(Image-caption web data)
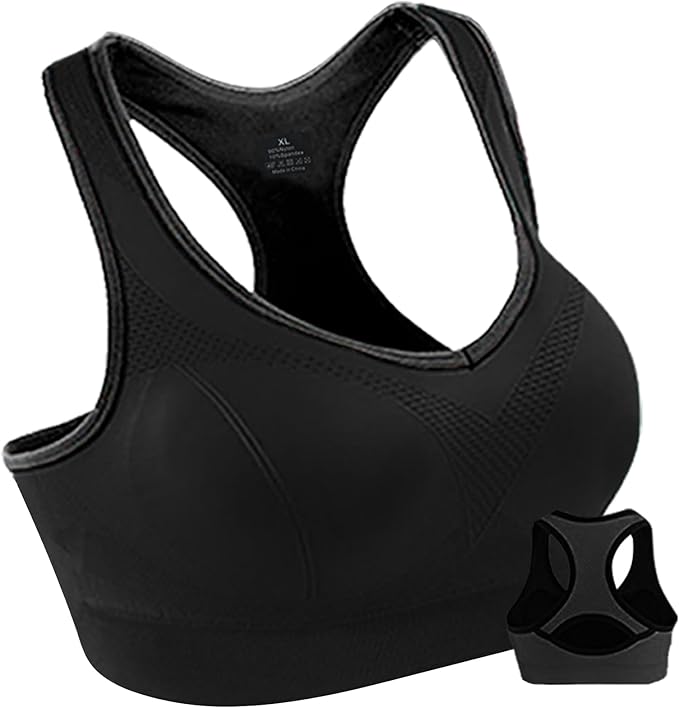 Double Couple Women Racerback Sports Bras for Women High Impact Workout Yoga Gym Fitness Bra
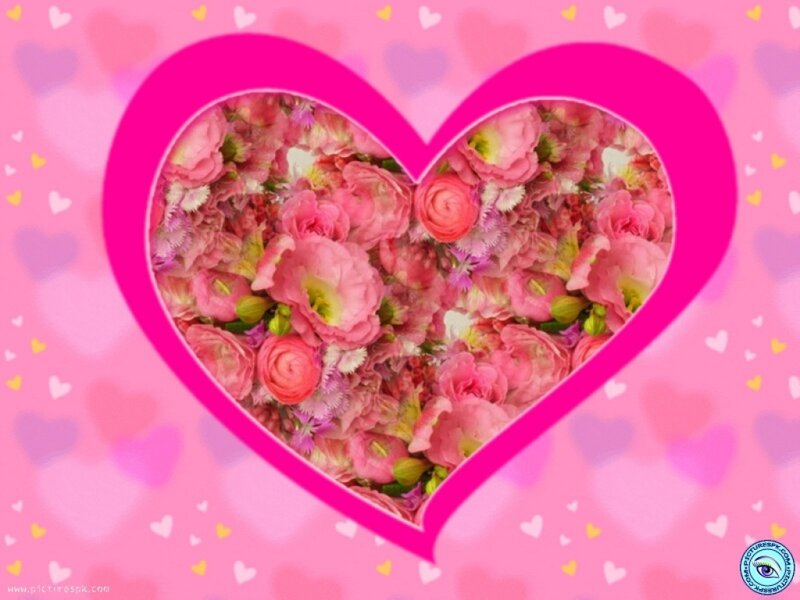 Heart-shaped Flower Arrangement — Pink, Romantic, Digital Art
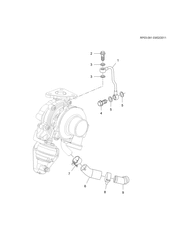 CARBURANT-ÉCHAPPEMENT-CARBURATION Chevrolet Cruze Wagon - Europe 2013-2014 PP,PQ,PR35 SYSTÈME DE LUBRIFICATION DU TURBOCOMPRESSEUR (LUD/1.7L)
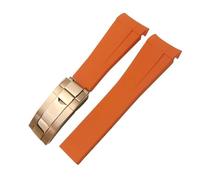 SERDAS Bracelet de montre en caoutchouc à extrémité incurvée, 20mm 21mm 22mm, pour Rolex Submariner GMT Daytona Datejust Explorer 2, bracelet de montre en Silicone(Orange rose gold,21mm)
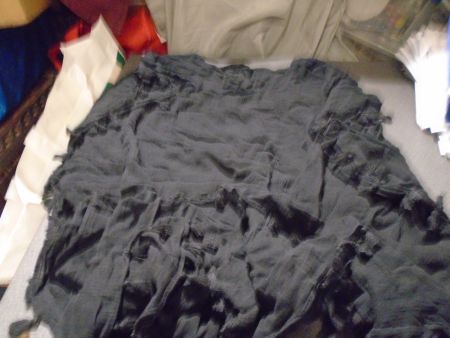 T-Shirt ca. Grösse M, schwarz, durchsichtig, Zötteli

> _Exercise goal_:
Transcription of the lines from the one with "SERDAS Bracelet de" through the end of the entries is required, exact and with no pictures.

> _Task output_:
 SERDAS Bracelet de montre en caoutchouc à extrémité incurvée, 20mm 21mm 22mm, pour Rolex Submariner GMT Daytona Datejust Explorer 2, bracelet de montre en Silicone(Orange rose gold,21mm)
 T-Shirt ca. Grösse M, schwarz, durchsichtig, Zötteli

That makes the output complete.